諱を避ける

本郷和人さんから新著『謎とき平清盛』を送ってもらった。読み始めたら、前近代において諱で人を呼ぶということはなかったという、私も書いたことが書いてあって、それはいいのだがその後、目下なら諱で呼んでもいい、とあったから、ちょっと驚いた。なら家康は「秀忠」と呼んでもいいのか。それで本郷さんに尋ねたら返事があったのだが満足のいくものではなかった。『源氏物語』とかその亜流の膨大な数の作品があるのだが、私には目下の者だから諱で呼ぶという事例は思いつかない。

コンビニはうるさいもの - 猫を償うに猫をもってせよ


この「通説」については以前から疑問に思うところがあるのだけれど、専門書等で調べたことがない。


そもそも、どうやってそのことを確認するんだろうか?江戸時代後期なら明治になっても生きた証人がいるので学者が聞き取り調査をすることができるだろうけれど、それ以前のことは?文書史料で確認するといっても、生の会話を記録したものなどそんなにあるわけではないと思う。「誰々が諱で俺のことを呼んだ、けしからん」みたいな日記とか残っていればわかるかもしれないけれど。


そういう基本的なことがさっぱりわからない。


ちなみに俺が見たことのある安土桃山時代の日記とかには「信長」とか「家康」とか書いてある。書いてあるけれど、もちろん面前でそう呼んだということではないだろうとは思う。だけど、じゃあ何で日記ならOKなんだと不思議に思う。


なおウィキペディアには

日本では通字の習慣があり、中国のような避諱の習慣は定着しなかったといってよい。
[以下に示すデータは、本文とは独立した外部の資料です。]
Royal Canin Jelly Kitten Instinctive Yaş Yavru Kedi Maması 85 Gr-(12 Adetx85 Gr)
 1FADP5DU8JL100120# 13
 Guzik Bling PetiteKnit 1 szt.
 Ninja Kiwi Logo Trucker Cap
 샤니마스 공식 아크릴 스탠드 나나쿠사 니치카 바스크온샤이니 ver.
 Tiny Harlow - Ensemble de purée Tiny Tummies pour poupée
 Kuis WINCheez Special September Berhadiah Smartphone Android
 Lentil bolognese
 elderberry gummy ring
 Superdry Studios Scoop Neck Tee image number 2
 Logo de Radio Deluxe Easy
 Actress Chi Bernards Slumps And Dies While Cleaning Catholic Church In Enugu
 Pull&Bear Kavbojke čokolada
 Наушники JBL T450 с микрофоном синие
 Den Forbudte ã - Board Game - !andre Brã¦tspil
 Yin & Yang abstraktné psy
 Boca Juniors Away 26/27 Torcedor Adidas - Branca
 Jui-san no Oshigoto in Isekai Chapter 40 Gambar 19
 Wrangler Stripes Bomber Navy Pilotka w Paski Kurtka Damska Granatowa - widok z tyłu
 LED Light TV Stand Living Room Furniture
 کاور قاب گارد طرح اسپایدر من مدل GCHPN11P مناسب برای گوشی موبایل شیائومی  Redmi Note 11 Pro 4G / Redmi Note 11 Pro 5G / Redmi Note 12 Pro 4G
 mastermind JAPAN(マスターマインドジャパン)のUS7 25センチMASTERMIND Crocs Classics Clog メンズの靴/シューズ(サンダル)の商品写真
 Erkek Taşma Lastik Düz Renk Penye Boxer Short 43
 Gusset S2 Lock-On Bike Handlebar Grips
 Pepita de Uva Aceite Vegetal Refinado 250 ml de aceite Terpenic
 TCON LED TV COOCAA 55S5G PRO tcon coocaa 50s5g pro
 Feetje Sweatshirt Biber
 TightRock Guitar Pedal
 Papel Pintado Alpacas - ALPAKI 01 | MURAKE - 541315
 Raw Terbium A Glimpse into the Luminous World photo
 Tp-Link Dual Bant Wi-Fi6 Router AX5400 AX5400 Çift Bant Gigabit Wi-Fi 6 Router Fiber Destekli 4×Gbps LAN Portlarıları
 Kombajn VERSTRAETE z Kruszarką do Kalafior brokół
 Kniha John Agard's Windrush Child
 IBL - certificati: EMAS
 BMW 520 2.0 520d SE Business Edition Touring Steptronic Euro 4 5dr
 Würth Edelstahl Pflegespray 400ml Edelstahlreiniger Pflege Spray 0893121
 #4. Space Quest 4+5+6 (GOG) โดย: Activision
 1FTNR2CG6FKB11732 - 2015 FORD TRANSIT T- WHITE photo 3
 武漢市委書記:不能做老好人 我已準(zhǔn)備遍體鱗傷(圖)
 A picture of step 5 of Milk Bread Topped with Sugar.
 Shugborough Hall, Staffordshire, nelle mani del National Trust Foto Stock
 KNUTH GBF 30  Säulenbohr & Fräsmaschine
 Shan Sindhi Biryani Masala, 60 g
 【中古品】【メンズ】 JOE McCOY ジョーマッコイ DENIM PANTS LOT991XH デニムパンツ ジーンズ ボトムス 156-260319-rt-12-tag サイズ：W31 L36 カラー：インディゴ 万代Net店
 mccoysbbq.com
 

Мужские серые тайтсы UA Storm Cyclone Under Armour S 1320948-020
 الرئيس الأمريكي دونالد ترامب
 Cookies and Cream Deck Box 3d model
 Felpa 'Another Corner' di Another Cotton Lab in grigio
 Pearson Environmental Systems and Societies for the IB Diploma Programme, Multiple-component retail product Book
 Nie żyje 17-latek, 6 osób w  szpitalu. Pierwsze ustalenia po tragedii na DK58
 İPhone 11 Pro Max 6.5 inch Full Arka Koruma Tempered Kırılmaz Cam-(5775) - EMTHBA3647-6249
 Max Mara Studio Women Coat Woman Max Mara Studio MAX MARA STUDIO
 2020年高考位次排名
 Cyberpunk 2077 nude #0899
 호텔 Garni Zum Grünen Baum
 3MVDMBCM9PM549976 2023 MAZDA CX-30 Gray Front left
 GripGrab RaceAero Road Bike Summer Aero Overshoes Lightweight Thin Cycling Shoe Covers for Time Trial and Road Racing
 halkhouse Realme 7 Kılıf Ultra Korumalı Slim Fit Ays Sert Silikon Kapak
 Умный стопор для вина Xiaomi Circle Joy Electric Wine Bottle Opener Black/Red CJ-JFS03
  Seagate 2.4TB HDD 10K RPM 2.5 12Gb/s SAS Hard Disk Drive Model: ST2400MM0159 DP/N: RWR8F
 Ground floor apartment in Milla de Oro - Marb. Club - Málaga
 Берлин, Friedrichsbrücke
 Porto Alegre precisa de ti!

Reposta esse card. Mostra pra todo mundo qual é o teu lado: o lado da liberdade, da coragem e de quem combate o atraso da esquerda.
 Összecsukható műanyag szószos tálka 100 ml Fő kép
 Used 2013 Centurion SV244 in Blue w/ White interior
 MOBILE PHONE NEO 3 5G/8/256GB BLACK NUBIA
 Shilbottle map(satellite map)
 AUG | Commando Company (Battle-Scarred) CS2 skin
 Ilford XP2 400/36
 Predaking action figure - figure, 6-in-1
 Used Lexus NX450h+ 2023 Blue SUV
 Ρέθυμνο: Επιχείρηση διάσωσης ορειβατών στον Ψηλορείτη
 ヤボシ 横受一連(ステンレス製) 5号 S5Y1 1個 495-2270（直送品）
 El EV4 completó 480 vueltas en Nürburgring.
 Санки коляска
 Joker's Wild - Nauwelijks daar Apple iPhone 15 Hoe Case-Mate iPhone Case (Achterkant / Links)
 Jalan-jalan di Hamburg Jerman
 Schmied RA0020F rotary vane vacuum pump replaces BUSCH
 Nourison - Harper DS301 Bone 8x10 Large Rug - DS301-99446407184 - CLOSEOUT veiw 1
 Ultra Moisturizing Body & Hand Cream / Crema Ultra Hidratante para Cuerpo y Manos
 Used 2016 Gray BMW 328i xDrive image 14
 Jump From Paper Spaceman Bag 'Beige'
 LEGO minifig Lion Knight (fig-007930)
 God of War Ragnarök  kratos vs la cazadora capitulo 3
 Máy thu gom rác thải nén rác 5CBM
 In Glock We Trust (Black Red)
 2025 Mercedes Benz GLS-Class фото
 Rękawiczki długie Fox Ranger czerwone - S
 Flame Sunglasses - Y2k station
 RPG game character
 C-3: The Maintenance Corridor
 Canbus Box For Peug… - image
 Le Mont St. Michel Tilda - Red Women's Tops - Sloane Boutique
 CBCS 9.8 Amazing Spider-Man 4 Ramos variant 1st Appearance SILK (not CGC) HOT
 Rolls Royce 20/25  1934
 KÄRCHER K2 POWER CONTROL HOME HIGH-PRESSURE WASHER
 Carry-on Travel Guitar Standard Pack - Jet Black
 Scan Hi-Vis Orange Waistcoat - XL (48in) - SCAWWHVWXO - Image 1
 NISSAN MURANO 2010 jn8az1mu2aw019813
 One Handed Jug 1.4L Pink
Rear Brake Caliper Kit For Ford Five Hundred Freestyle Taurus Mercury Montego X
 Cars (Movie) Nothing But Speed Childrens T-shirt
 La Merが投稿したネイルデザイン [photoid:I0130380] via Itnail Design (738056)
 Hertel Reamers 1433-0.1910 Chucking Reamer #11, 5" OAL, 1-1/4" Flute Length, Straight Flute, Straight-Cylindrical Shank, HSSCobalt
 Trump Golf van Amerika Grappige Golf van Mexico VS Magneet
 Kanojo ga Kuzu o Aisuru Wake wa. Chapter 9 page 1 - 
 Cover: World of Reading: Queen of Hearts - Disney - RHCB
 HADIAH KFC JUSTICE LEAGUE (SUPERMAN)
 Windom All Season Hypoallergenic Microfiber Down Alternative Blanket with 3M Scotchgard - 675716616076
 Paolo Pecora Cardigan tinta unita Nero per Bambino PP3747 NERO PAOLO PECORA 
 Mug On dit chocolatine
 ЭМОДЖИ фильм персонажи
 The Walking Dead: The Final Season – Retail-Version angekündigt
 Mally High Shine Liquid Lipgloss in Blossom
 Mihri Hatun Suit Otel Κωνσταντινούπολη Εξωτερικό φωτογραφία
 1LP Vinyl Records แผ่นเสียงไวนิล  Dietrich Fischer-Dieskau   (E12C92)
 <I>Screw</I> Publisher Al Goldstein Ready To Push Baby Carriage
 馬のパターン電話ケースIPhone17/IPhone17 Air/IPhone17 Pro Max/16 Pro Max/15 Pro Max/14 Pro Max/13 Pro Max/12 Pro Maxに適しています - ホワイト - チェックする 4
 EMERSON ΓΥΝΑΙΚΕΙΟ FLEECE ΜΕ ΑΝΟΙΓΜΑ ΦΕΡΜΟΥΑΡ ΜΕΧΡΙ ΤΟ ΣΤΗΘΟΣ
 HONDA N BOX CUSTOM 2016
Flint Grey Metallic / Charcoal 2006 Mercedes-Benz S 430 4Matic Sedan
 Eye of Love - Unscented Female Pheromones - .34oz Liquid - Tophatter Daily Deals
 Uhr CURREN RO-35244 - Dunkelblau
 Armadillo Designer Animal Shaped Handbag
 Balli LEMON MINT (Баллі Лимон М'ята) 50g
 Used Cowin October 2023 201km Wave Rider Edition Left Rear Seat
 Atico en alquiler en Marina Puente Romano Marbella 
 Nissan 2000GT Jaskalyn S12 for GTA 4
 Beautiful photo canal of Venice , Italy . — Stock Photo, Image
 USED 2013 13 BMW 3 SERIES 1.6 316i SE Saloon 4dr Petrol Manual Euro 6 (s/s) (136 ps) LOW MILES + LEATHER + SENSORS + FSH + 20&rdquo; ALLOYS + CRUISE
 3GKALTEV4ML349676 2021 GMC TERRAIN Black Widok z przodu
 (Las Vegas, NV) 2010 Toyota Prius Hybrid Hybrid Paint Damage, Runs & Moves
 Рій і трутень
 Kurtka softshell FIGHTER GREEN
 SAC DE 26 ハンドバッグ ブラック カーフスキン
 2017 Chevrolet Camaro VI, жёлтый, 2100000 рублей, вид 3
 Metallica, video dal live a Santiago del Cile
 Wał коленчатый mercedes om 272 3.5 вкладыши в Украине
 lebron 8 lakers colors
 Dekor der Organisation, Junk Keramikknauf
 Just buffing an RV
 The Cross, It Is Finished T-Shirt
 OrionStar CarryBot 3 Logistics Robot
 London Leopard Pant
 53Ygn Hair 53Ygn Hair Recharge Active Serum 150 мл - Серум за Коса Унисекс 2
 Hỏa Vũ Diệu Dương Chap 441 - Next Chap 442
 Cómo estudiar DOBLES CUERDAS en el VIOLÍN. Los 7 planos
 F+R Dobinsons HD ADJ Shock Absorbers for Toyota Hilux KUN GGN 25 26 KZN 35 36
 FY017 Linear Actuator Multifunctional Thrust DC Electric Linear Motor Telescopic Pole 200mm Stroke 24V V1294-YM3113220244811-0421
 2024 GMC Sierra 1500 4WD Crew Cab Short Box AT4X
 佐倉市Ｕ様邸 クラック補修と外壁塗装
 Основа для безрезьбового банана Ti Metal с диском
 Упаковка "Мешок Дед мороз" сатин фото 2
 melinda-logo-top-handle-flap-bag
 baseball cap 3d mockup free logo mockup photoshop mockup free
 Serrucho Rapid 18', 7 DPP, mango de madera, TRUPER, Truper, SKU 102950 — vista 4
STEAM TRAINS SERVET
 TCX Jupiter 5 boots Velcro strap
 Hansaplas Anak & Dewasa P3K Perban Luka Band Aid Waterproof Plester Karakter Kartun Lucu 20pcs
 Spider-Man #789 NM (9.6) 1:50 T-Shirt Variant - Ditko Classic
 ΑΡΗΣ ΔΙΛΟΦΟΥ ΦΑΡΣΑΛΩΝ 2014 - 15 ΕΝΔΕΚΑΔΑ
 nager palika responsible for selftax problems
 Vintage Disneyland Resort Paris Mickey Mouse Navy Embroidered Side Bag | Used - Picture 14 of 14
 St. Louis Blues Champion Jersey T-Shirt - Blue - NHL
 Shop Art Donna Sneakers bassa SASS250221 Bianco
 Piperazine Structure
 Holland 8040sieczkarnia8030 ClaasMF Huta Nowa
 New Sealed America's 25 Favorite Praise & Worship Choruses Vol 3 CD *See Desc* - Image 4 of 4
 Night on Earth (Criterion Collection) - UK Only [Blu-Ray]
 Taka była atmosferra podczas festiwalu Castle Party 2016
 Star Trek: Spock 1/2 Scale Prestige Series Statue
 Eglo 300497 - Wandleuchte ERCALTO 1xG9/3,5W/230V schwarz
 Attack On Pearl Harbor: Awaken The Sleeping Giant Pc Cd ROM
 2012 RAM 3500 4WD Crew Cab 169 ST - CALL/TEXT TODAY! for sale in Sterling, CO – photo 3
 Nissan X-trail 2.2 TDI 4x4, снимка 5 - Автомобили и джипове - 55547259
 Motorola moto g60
但し天皇を諱(御名)で呼ぶことについては、古くからこれを無礼としてタブーとする習慣があり、現代においても明仁天皇を「明仁さま」などと諱で呼ぶことはためらわれる傾向が根強い。また昭和天皇当時から、直接呼ぶ事はせず「陛下」と表現される。

避諱 - Wikipedia
とあり、天皇は例外として「避諱の習慣は定着しなかったといってよい」としっかり書いてある。


ただし、

江戸時代以前は目上の人に対して諱で呼ぶことや通字でないほうの字(偏諱)を使用することは避ける傾向があった。なお、大坂の役においては家康の諱を侵したことが徳川方が戦を仕掛ける口実になっている。

とも書いてある。「諱を侵した」というのは例の「国家安康」のことだが、そりゃ避諱というのとはちと違うのではないか?